Può trasmettersi anche da uomo a uomo il virus scoperto in Bolivia e che ha provocato la morte di tre persone. I ricercatori spiegano di cosa si tratta
Mentre il mondo si trova a fare i conti con la pandemia da Coronavirus, dalla Bolivia arriva la notizia di un nuovo pericoloso virus mortale che sarebbe in grado di diffondersi da una persona all’altra. L’annuncio è arrivato nel corso dell’annuale incontro dell’American Society of Tropical Medicine and Hygiene e ha catturato immediatamente l’attenzione dei media internazionali: il virus in questione si chiama Chapare mammarenavirus e al momento avrebbe provocato cinque infezioni accertate in alcuni villaggi non lontani dalla capitale La Paz nel 2019. Tre infezioni sarebbero risultate fatali e riguarderebbero almeno due operatori sanitari. Infatti un medico d’ambulanza, un giovane medico ed un gastroenterologo si sono ammalati dopo il contatto con due pazienti infetti: i sintomi accertati sarebbero una febbre emorragica oltre ad altra sintomatologia simile a quella dell’Ebola (vomito, dolore addominale, eruzioni cutanee, sangue alle genive) e la diffusione avverrebbe tramite contatto con fluidi corporei mentre uno dei vettori primari che trasporta il chapare mammarenavirus sarebbe una specie di roditore in grado di trasmetterlo all’uomo come sottolineato da Caitlin Cossaboom, epidemiologa dei CDC che si sta occupando del caso. Ma non è da escludere che possa anche trasmettersi sessualmente essendo stata riscontrata la presenza di Rna virale nello sperma di una delle persone infettate a distanza di 668 giorni dall’infezione.

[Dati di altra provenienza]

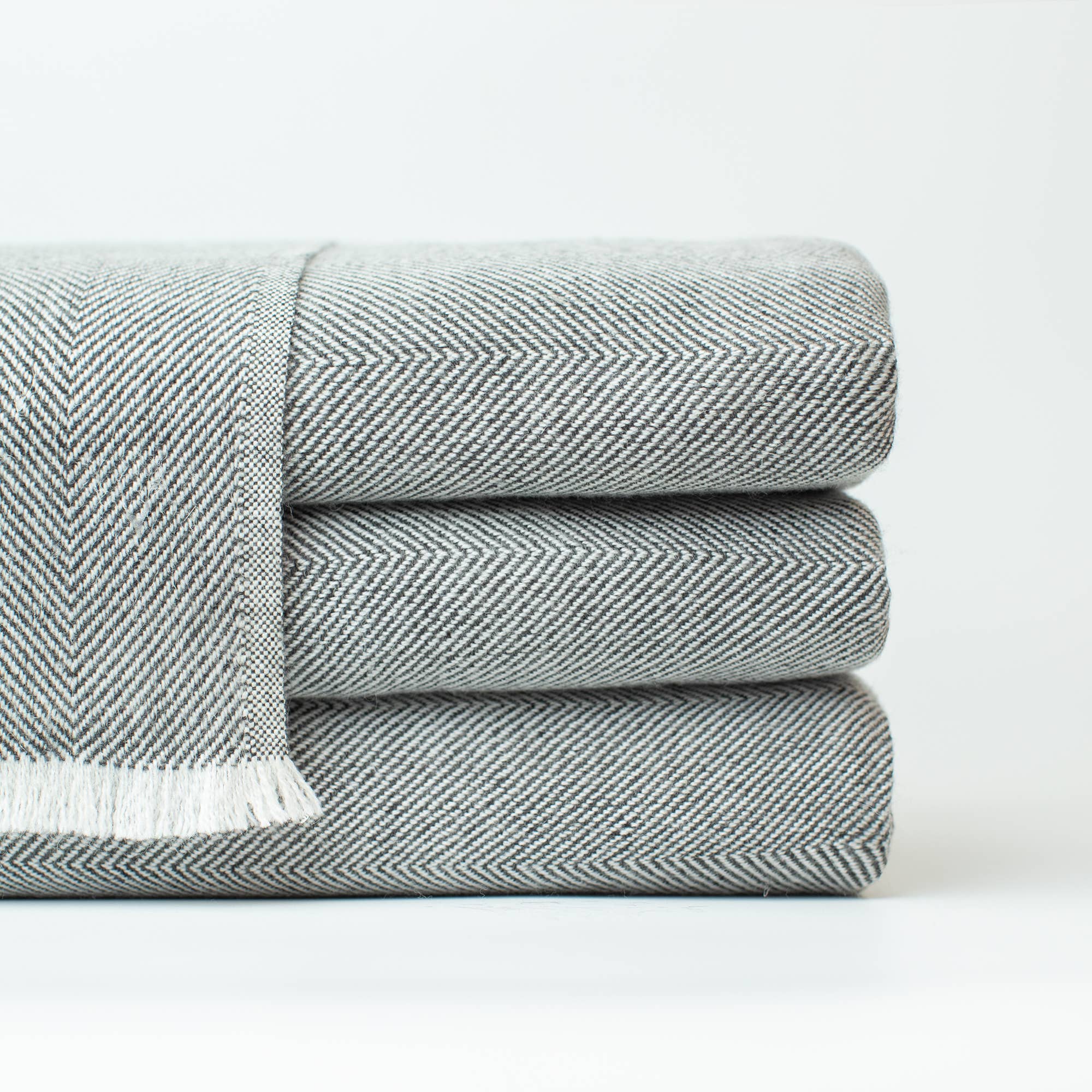 Art Himalayan Trading Reversible Cashmere Wool Throw Blanket / Herringbone Pattern / Black & White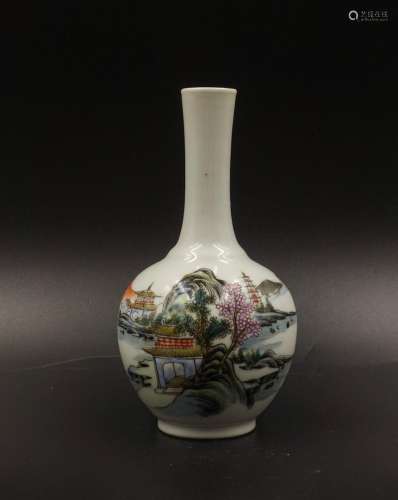 CHINESE FAMILLE ROSE PORCELAIN VASE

Il primo paziente è un contadino ed è uno dei tre deceduti: prove della presenza del virus sono state trovate nei roditori che si trovavano nei campi coltivati dall’uomo. Si tratterebbe di ratti pigmei del riso e ratti pigmei del riso dalle orecchie piccole, appartenenti al genere Oligoryzomys ed esteticamente molto simili ai topi. I ricercatori, che stanno cercando di capire in quali altri modi questo virus si diffonsa, ritengono che possa essere presente in Bolivia da molti anni ed in alcuni pazienti potrebbe essere stato erroneamente diagnosticato. Il primo caso accertato risalirebbe infatti al 2004, ovvero prima della mini epidemia avviata nel 2019. Non vi sono al momento cure o trattamenti specifici.